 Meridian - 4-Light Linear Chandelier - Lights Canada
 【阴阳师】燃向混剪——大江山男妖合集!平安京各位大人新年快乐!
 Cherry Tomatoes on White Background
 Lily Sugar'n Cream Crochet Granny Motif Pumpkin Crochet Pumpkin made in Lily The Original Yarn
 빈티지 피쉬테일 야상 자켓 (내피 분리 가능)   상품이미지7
--
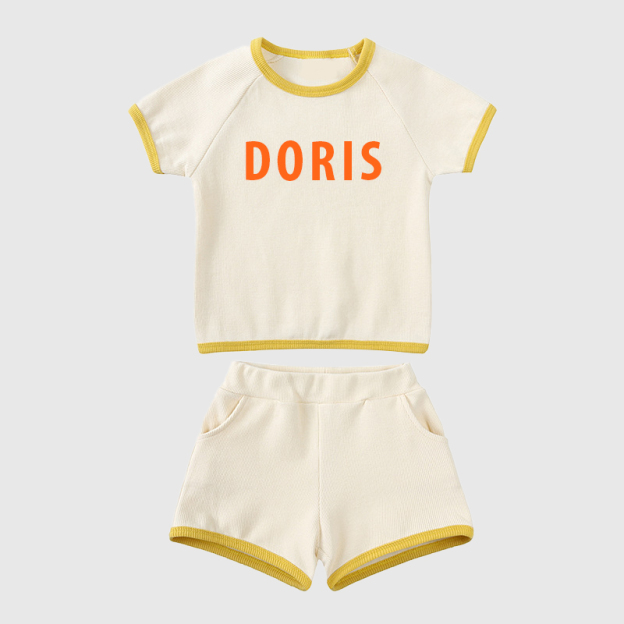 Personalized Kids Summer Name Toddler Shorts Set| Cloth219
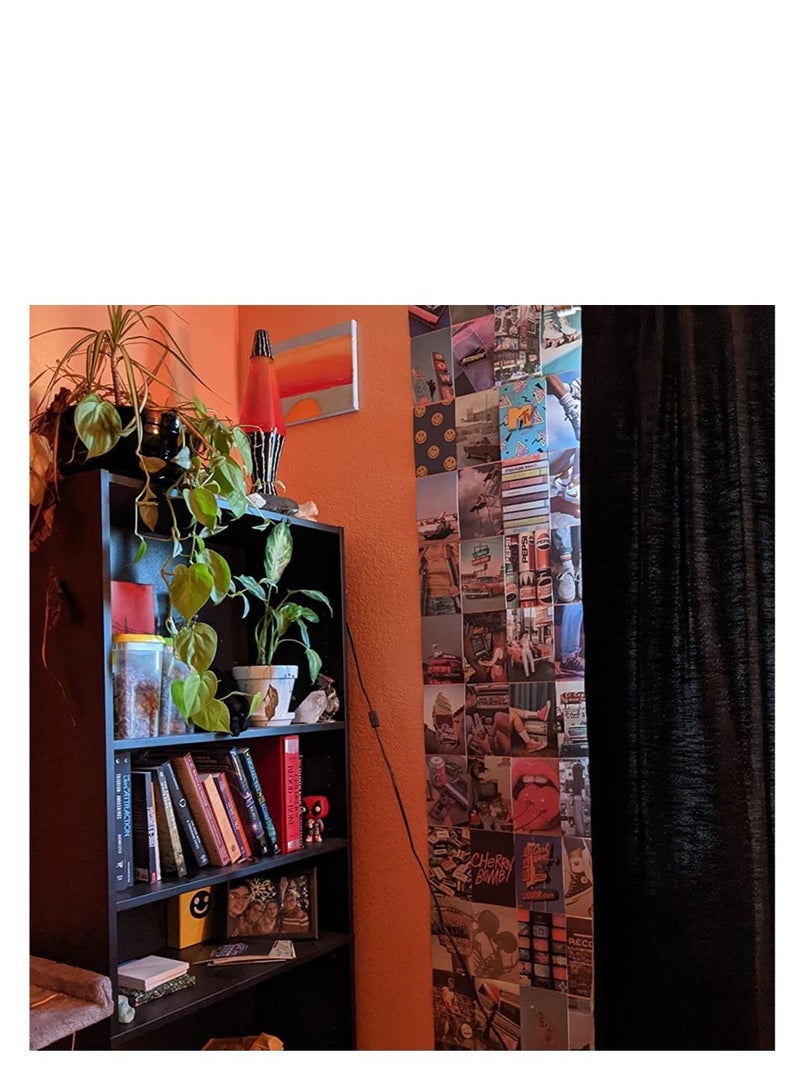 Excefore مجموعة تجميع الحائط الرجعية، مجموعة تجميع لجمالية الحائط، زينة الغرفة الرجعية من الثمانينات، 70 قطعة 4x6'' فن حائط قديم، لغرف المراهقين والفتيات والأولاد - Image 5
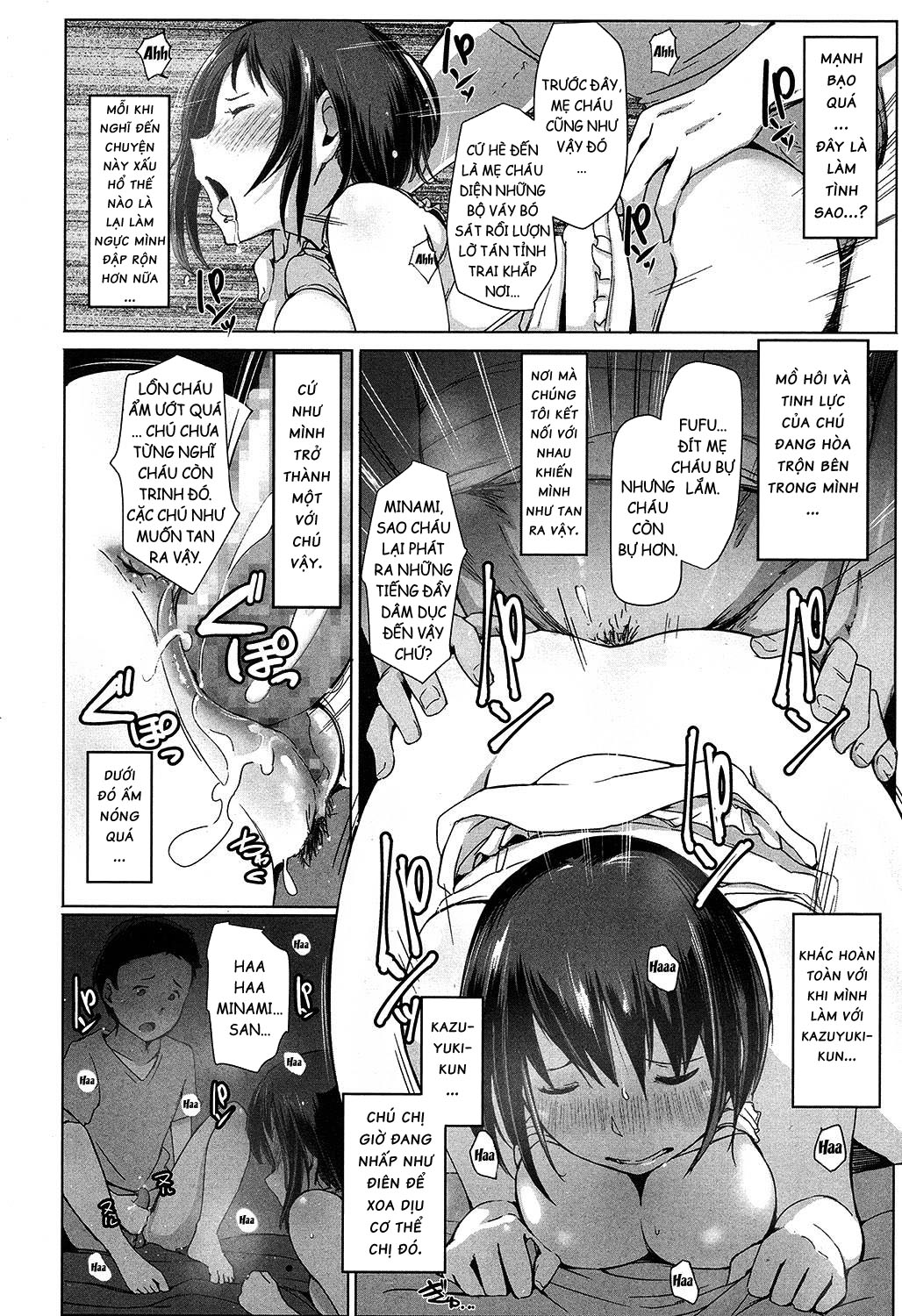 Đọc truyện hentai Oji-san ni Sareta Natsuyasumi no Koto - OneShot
---
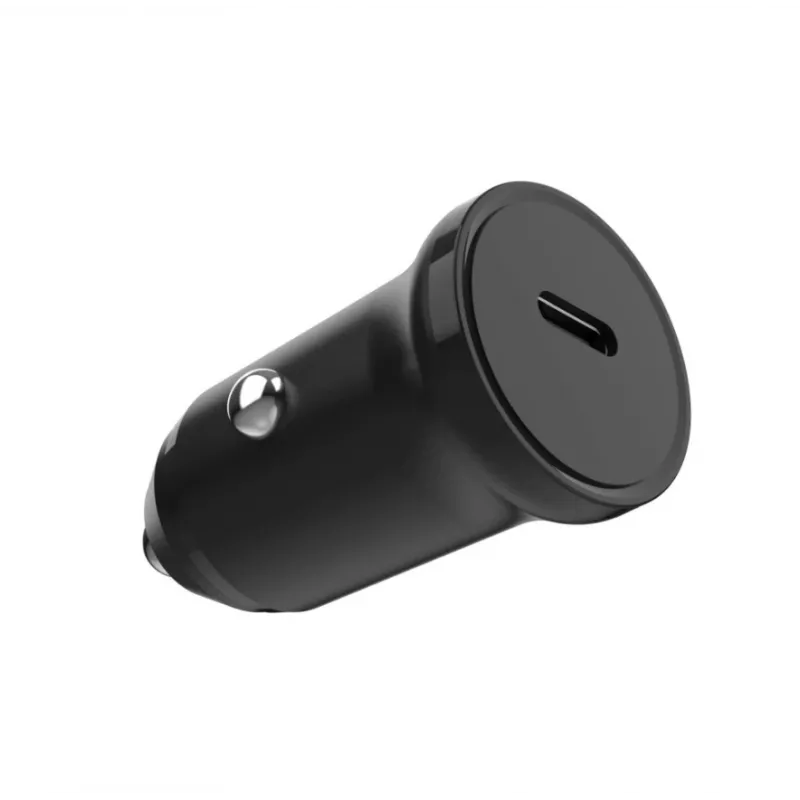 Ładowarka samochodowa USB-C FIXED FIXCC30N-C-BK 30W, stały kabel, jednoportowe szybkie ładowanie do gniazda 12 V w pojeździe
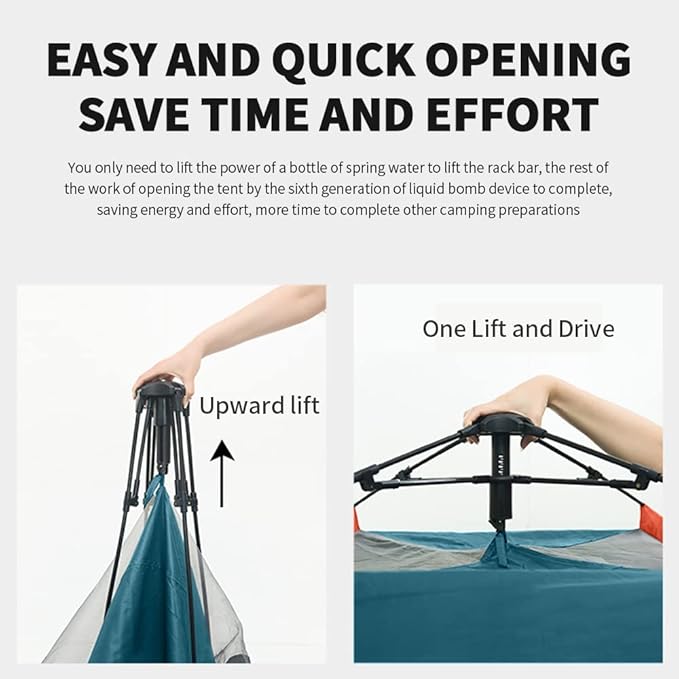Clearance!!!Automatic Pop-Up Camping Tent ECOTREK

### What you need to do
Would you please copy exactly the part of the entries above that begins at the line containing "Lily Sugar'n Cream" and ends at the line containing "빈티지 피쉬테일 야상", both lines included?

### Response to this exercise
 Lily Sugar'n Cream Crochet Granny Motif Pumpkin Crochet Pumpkin made in Lily The Original Yarn
 빈티지 피쉬테일 야상 자켓 (내피 분리 가능)   상품이미지7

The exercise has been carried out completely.